In my family, I’ve always been the humanities kid. I like stories and the way words can be strung together to form a rhythm. I think perhaps the main reason for my affinity towards the humanities is that I’m relatively “good” at it; I read quickly while retaining information and I have a lot of opinions so I’m good at adding to and continuing discussions. That’s why, for me, there has always been a distinction between computers and the humanities: I was at least relatively competent at the latter and an amateur regarding the other.
While I say distinction, I do also think that humanities and computers are interrelated. In the words of my Humanities II professor, a large part of studying the humanities is being part of an ongoing conversation about human culture, especially literary texts. Technology comes to play here because it gives us the ability to have greater access and contribute more to that conversation. For example, computers, specifically databases, allow us access to literary journals and papers that we can respond to or use for research. This applies to the nonacademic world, too: blogs allow people to share opinions and informally discuss various topics, and hashtags allow people on social media to isolate a topic and provide easy access to a conversation. While technology aids the progress of humanities, I also think it’s altered it, specifically with electronic literature. Ebooks are similar to paper books because the words are on a page, but with audiobooks, the text is read to the listener. Listening to someone read is different from reading the text itself because there’s a possibility of influence by voice. The narrator might emphasize a phrase or word or read a line of text in a way that undermines the subjectivity in writing, thus influencing the listener in some way. Think of the word “why?”: depending on how one emphasizes it (asking it softly, demanding an answer, etc.) it could have all sorts of underlining implications. This comes to play in the ongoing discussion too, for the audiobook narrator, unintentionally or not, communicates their interpretation of the text onto the listener; that listener will join in the ongoing conversation with opinions they formed not only with their interpretation of the text but also with a bit of the narrator’s interpretation.
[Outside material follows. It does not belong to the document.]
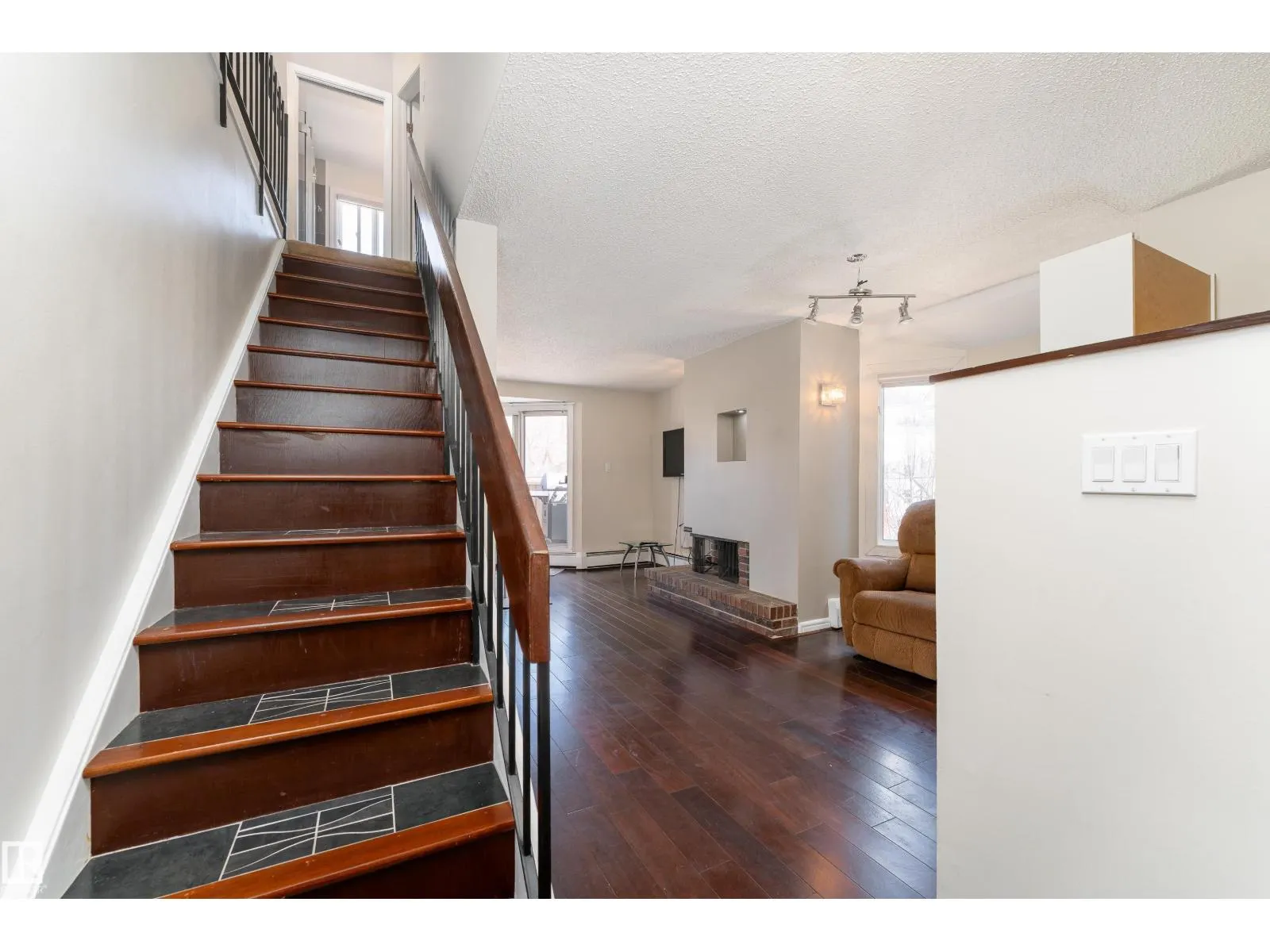 11120 83 AV NW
As for technology itself, I would categorize my individual ability level as “beginner.” By myself, can perform the basics: I know how to open files, download applications, update the computer, and use Microsoft Office. With help from the internet and a bit of research, I can do a bit more, such as using the command line or manually fixing problems that Windows Troubleshooter can’t fix. I think I can sum up my computer literacy using the words I did during the first day of ENGL 340: “I know enough to function as a student, and what I don’t know, I know how to look up.” I also tend to be better at using programs on the computer than dealing with the operating system itself. This is mostly because I’ve been in academic and professional situations, both of which largely focus on using programs. For example, I took Physics I Lab and did data entry at an office, so I know how to use Excel at an intermediate level; without looking the information up on the internet, I can graph and analyze data, perform functions, and use shortcuts. With Windows 10, I generally have to look up how to do anything more complicated than opening or downloading programs and files.
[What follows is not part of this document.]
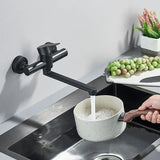 FlexiTap – Wandgemonteerde 360° draaibare kraan met dubbele handgrepen voor het regelen van warm en koud water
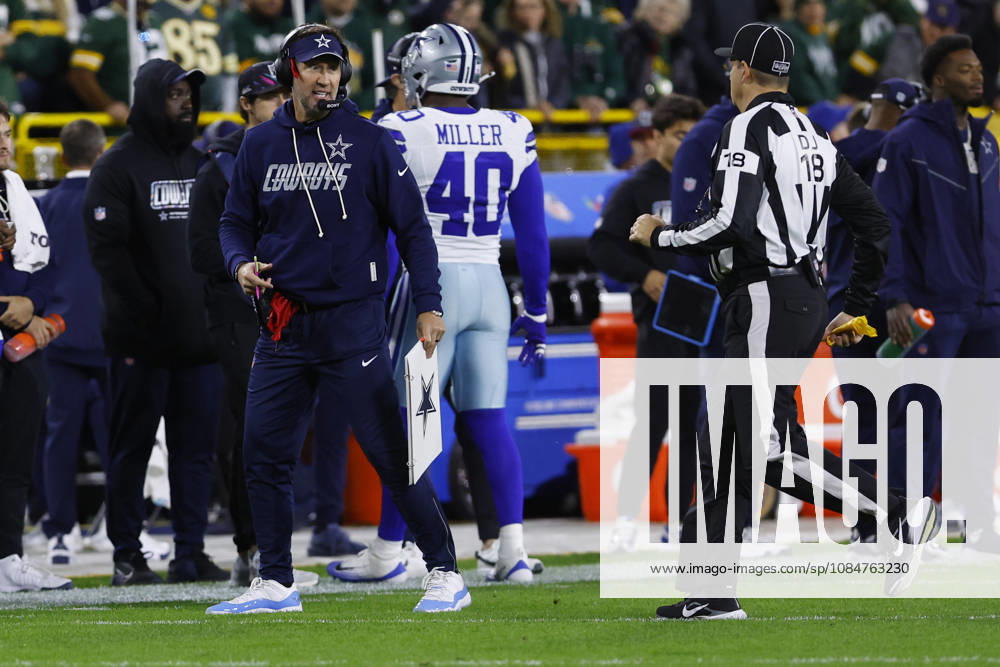 GREEN BAY, WI - OCTOBER 18: Dallas Cowboys head coach Brian Schottenheimer reaches for his challenge flag during a game between the Green Bay Packers and the Dallas Cowboys on October 18, 2026 at Lambeau Field in Green Bay, WI. (Photo by Larry Radloff Icon Sportswire) NFL, American Football Herren, USA OCT 18 Cowboys at Packers Icon2610181652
Even though I don’t believe myself to be extremely computer literate, prior to this course, my relationship with computers was one of dependence. I’m always a little uneasy whenever my computer is malfunctioning or has an issue because I use it so much for everyday life. I need technology to complete my coursework for my classes and also for recreational activities, such as listening to music or watching movies. I’m dependent to the point that I use a Breakfast Food Generator when I can’t decide what to eat in the mornings and a Yes or No Generator for low-risk decisions. I know this level of dependence isn’t necessarily healthy, but I’d still prefer not to distance myself from computers. Technology might be taking over aspects of my life, but it also has enormous potential to make it much easier, and I’m always down for convenience.